Впервые столкнувшись с этой процедурой, герой наш с ужасом обнаружил, что здесь нет отдельных “мужских горшков”; что мальчики и девочки сидят на горшках вперемежку. Этот казённый горшковый промискуитет, лишавший Никиту пола, а вместе с полом и достоинства человека, был для него одной из тяжелейших нравственных пыток, к которой добавлялась ещё и пытка невозможности протеста или хотя бы жалобы, так как он не имел права на подобные не соответствующие возрасту переживания.
В момент принудительного обнажения срамных уд к нему на миг вернулось то изначально знакомое мучительное чувство унижения, бессилия и обречённости, которое ему пришлось испытать, когда палач сорвал с него одежду перед казнью… Теперь, в настоящем, он сидел с отрубленной головой и полными слёз глазами, прикрывая эмалированной крышкой горшка свои обнажённые гениталии. Возможно, именно на этом горшке родилась его кривая страдальческая улыбка.

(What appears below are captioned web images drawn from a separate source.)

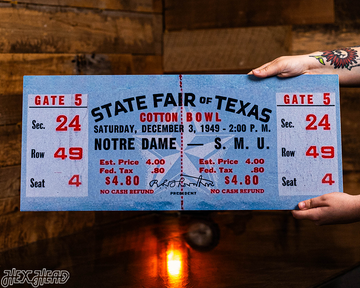 Notre Dame 1949 Cotton Bowl Ticket Stub Single Layer Metal Wall Art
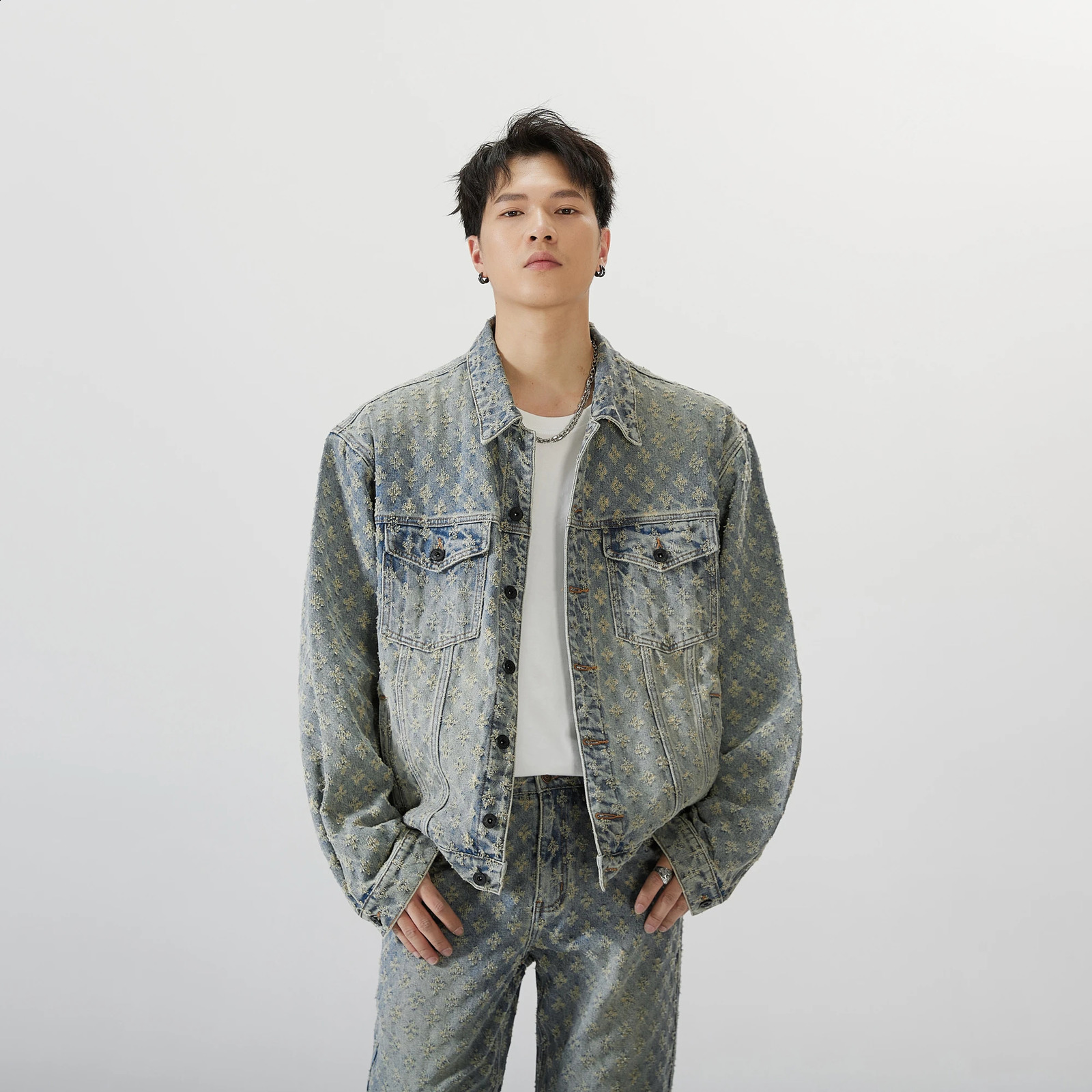 Mens Jeans Jacket Jacquard Pattern Coats Old Loose Heavy 240824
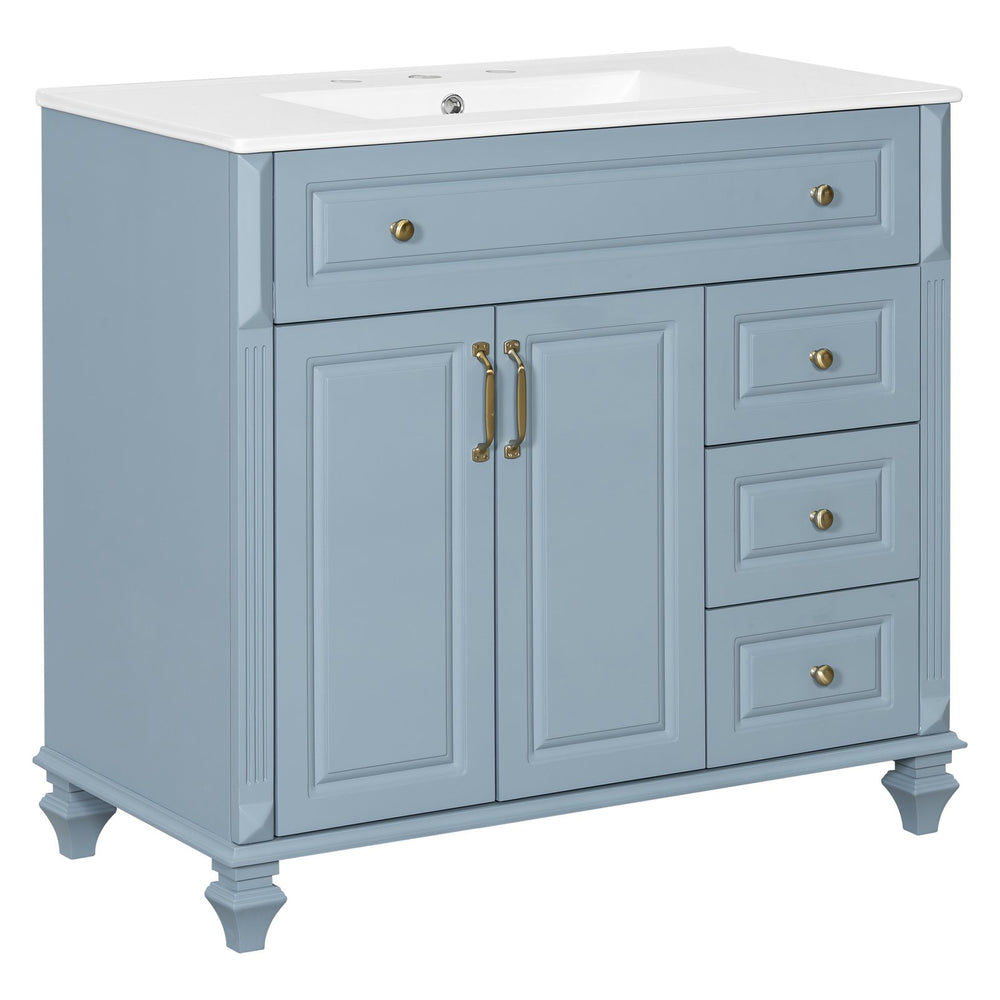 English Elm 36" Bathroom Vanity - Modern Blue Grey Solid Wood Cabinet With Elegant Gold Handles & Ample Storage N725P356069E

Мы не знаем, что испытывал наш герой в женском разряде бани, куда по неразумию водила его мать, но сам факт полного стирания из памяти Никиты всего, что он там видел, говорит за себя. Чем, как не абсолютным табуированием соответствующих переживаний, можем мы объяснить это?
Глава 2
Новый Гулливер. Левое и Правое.
Никита страдал, утверждает автор, и, по недостатку пытливости у читателя, сам задаётся вопросом: о котором Никите речь? Ведь там, где невооружённым глазом виден был лишь один Никита, на самом деле стояло два. Их можно было счесть близнецами (они родились вместе) хотя и сильно различающимися по душевному складу. Сам Никита (я говорю о Никите видимом справа, если смотреть вслед) тоже не видел своего брата, с которым сросся ещё в утробе матери, но он его знал, ощущал и, может быть, более чем любил, так как считал его частью самого себя. Не видел же он его потому, что отчасти страдал врождённым дефектом зрения, при котором игнорируется левое поле, а также потому, что его не видели взрослые, и ещё потому, что зеркала в этой заколдованной земле были устроены так, что в них отражалась только правая половина мира, разрезанного точно по осевой линии: на месте же левой зияла пустота, которую мозг естественно восполнял симметричным изображением видимой правой стороны, так что равновесие мира для восприятия сохранялось.
И без того непростые отношения братьев осложнялись тем, что Никита правый, который доминировал в паре в силу преимущества быть видимым, из своего ещё очень небольшого жизненного опыта знал, что Никиту левого следует прятать. Как он прятал его, когда во время “тихого часа” в детском саду старательно притворялся спящим, складывая руки лодочкой и подкладывая их “под щёчку”, согласно команде нянечки, - хотя никогда не спал таким образом дома и не знал, в точности, что означал возглас: “ручки под щёчку!”. Поступая здесь так, как это делали другие, лучше осведомлённые, чем он, Никита правый тщательно прикрывал вовсю бодрствовавшего Никиту левого, тайком предоставляя ему, - в дополнение к ушам, - один полу-зажмуренный глаз.
Имея один глаз на двоих, он, впрочем, мог уступить Никите левому только одну его половину, через которую тот впивал в себя окружающий мир форм, - другую же половину Никита правый использовал сам, чтобы осторожно следить за бесшумными передвижениями нянечки, искусно притворяясь спящим и знающим, что такое есть “ручки под щёчку”, когда она невзначай приближалась.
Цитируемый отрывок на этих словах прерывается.